LA FE
EXPLICADA
CAPÍTULO
XII
LAS NOTAS Y ATRIBUTOS DE LA IGLESIA
Una fe, una cabeza, un culto. Esta es la unidad por la que Cristo oró, la
unidad que señaló como una de las notas que identificarían perpetuamente a su
Iglesia. Es una unidad que sólo puede ser encontrada en la Iglesia Católica.
Santa y Católica Los argumentos más fuertes contra la Iglesia Católica son
las vidas de los católicos malos y de los católicos laxos. Si preguntáramos a
un católico tibio, «¿Da lo mismo una iglesia que otra?», seguramente nos
contestaría indignado, «¡Claro que no! Sólo hay una Iglesia verdadera, la
Iglesia Católica». Y poco después quedaría como un mentiroso ante sus amigos
acatólicos al contar los mismos chistes inmorales, al emborracharse en las
mismas reuniones, al intercambiar con ellos murmuraciones maliciosas, al
comprar los mismos anticonceptivos e incluso quizá siendo un poco más desaprensivo
que ellos en sus prácticas de negocios o en su actuación política.
Sabemos que estos hombres y mujeres son minoría, aunque el hecho de que exista
uno solo ya sería excesivo. Sabemos también que no puede sorprendernos que en
la Iglesia de Cristo haya miembros indignos. El mismo Jesús comparó su Iglesia
a la red que recoge tanto malos peces como buenos (Mt 13,47-50); al campo en
que la cizaña crece entre el trigo (Mt 13,24-30); a la fiesta de bodas en que
uno de los invitados no lleva vestido nupcial (Mt 22,11-14).
Habrá siempre pecadores. Hasta el final del camino serán la cruz que
Jesucristo debe llevar en el hombro de su Cuerpo Místico. Y, sin embargo, Jesús
señaló la santidad como una de las notas distintivas de su Iglesia. «Por sus
frutos los conoceréis», dijo, «¿Por ventura se recogen racimos de los espinos o
higos de los abrojos? Todo árbol bueno da buenos frutos y todo árbol malo da
frutos malos» (Mt 7,16-17).
Al contestar la pregunta, «¿Por qué es santa la Iglesia Católica?», el
Catecismo dice: «La Iglesia Católica es santa porque fue fundada por
Jesucristo, que es santo; porque enseña, según la voluntad de Cristo, doctrina
santa y provee los medios para llevar una vida santa, produciendo así miembros
de toda edad que son santos».
Todas y cada una de estas palabras son verdad, pero no es in punto fácil de
convencer para nuestro conocido no católico, especialmente si anoche estuvo con
otro católico corriéndose una juerga, y además sabe que ese amigo suyo
pertenece a la Cofradía de la Virgen de los Dolores de la Parroquia de San
Panfucio.

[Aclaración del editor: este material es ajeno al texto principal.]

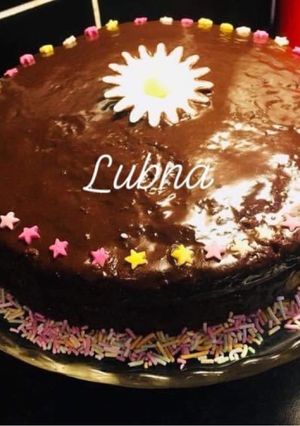 A picture of Chocolate, Date Cake with Chocolate Ganache.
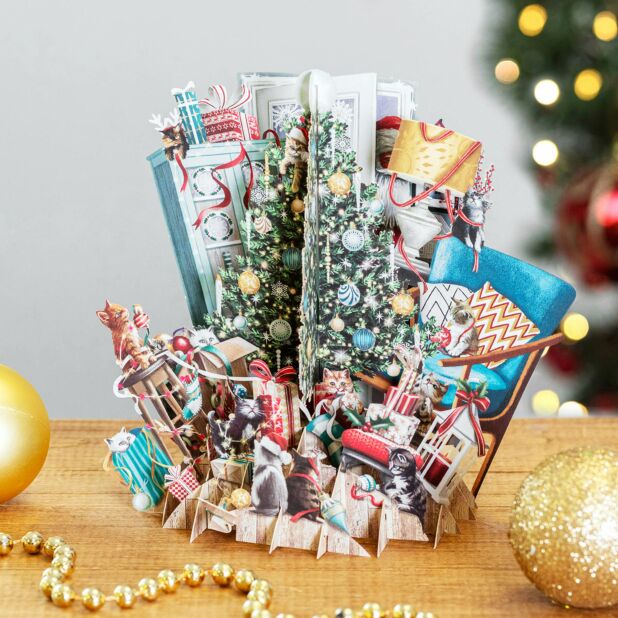 3D POP UP CHRISTMAS CARD - CAT CHRISTMAS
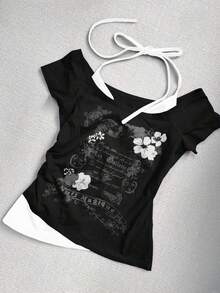 Áo nữ kiểu Y2K cổ điển, hở lưng, buộc dây, ôm sát, in họa tiết nốt nhạc, tay ngắn, hở vai, thích hợp mặc đi nghỉ mát, màu đen. - màu đen - Xem 2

Sabemos que Jesucristo fundó la Iglesia y que las otras comunidades
que se autodenominan «iglesias» fueron fundadas por hombres. Pero el luterano,
probablemente, abucheará nuestra afirmación de que Martín Lutero fundó una
nueva iglesia y dirá que no hizo más que purificar la antigua iglesia de sus
errores y abusos. El anglicano, sin duda, dirá algo parecido: Enrique VIII y
Cranmer no comenzaron una nueva iglesia; sencillamente, se separaron de la
«rama romana» y establecieron la «rama inglesa» de la Iglesia cristiana
original. Los presbiterianos dirán lo mismo de John Knox, y los metodistas de
John Wesley, y así sucesivamente en toda la larga lista de las sectas
protestantes. Todas ellas claman sin excepción a Jesucristo como su fundador.

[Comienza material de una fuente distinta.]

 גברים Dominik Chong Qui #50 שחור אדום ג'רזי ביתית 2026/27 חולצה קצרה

Ocurrirá lo mismo cuando, como prueba del origen divino de la Iglesia,
afirmemos que enseña una doctrina santa. «Mi iglesia también enseña una
doctrina santa», argüirá nuestro amigo acatólico. «Lo acepto sin reservas»,
podemos replicar. «Pienso, por supuesto, que tu iglesia está a favor del bien y
la virtud. Pero también creo que no hay iglesia que promueva la caridad cristiana
y el ascetismo tan plenamente como la Iglesia Católica».
Con toda seguridad, nuestro amigo seguirá imperturbado y pondrá a un lado
la cuestión de «santidad de doctrina» como tema opinable.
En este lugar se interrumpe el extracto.